Ramses Ohee Nilai 1 Mei Sebagai Saat Dunia Mengakui Papua sebagai Bagian NKRI
pada tanggal
Thursday, 30 April 2015
KOTA JAYAPURA - Kembalinya Irian Barat (Papua saat ini) ke Negara Kesatuan Republik Indonesia yang selalu diperingati pada 1 Mei masih saja diusik oleh pihak-pihak tertentu. Padahal Papua sudah final dan bagian dari NKRI sebagaimana hasil Penentuan Pendapat Rakyat (Pepera) yang diputuskan Persatuan Bangsa-Bangsa pada 2 Agustus 1969.
Ramses Ohee selaku Pelaku Sejarah Pepera menyebutkan keputusan kembalinya Irian Barat ke NKRI melalui Pepera disaksikan oleh tokoh Papua bahkan Sekretaris PBB. Bahkan, Ramses mengaku masih menyimpan dokumen Pepera dan masih tersimpan dengan baik.
Ramses juga menyampaikan kesiapannya apabila ada pihak yang ingin melihat dokumen Pepera sebagai bukti Papua adalah bagian dari NKRI sejak dahulu. “Saya yang memiliki dokumen itu, kalau ingin melihatnya saya akan tunjukan,” kata Ramses Ohee yang juga Ketua Barisan Merah Putih Provinsi Papua.
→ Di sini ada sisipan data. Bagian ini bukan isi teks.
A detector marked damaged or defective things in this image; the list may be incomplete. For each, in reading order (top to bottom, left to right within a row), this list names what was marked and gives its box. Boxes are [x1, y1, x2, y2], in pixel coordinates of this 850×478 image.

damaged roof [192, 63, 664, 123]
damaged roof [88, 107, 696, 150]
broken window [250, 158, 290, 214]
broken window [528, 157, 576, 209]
Sebenarnya, kata Ramses, saat itu Belanda enggan menyerahkan Irian Barat ke NKRI. Dimana Belanda hanya menyerahkan wilayah jajahannya dari hanya sampai Maluku, padahal wilayah jajahan Hindia Belanda meliputi dari Sabang dari Merauke.
“Belanda hanya menyerahkan sampai Maluku. Oleh sebab itu, Menlu Subandrio menyampaikan dalam sidang PBB babhwa seluruh wilayah jajahan Hindia Belanda harus diserahkan kembali ke NKRI tanpa kurang sejengkalpun," jelas Ramses menceriterakan.
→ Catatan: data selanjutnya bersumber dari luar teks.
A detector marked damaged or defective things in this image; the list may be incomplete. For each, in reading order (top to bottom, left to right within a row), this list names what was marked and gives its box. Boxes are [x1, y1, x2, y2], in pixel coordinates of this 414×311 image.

Mengenai pihak yang mengklaim 1 Mei diperingati sebagai hari Aneksasi, Ramses berpandangan bahwa pihak yang menyuarakan 1 Mei sebagai hari Aneksasi adalah anak bukan pelaku sejarah. Sebab, pihak yang memperingatinya sebagai hari Aneksasi, tidak mengetahui sejarah sesungguhnya.
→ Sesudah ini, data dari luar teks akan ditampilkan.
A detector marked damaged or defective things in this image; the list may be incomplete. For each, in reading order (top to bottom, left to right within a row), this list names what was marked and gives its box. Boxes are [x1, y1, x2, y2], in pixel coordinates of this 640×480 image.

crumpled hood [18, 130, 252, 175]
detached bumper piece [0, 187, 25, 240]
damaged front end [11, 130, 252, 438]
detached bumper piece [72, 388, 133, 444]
”Pepera dilakukan dari tanggal 14 Juli - Agustus 1969, saya punya dokumennya. Hasil Pepera itu lah yang diserahkan utusan PBB kepada Sekjen PBB pada tanggal 2 Agustus 1969. Hasil Pepera itu dibahas di Badan Perserikatan Bangsa-Bangsa (PBB) selama 3 bulan dan tepat pada tanggal 19 November 1969 Sekjen PBB mengetuk palu dan memutuskan bahwa, Irian Barat ( dahulu) akhirnya milik Negara Indonesia,” terang Ramses.
Soal Penilaian Pemerintah Pusat terhadap Pemberdayaan masyarakat Papua, Ramses melihat Pemerintah Pusat seakan membiarkan masyarakat Papua jalan sendiri, sehingga Papua mengikuti jejak dari Pemerintah Pusat.
“Sebenaranya cara seperti itu tak boleh dilakukan Pemerintah Pusat, seharunya menuntun masyarakat Papua. Kalau seperti itu, baru bisa dikatakan Pemerintah Pusat dikatakan sebagai Bapak yang baik bagi Papua, karena masyarakat Papua ingin menuntut keadilan dan cinta kasih antara anak Papua dengan bapak di Jakarta, bukan menuntut harta,” ujar Ramses.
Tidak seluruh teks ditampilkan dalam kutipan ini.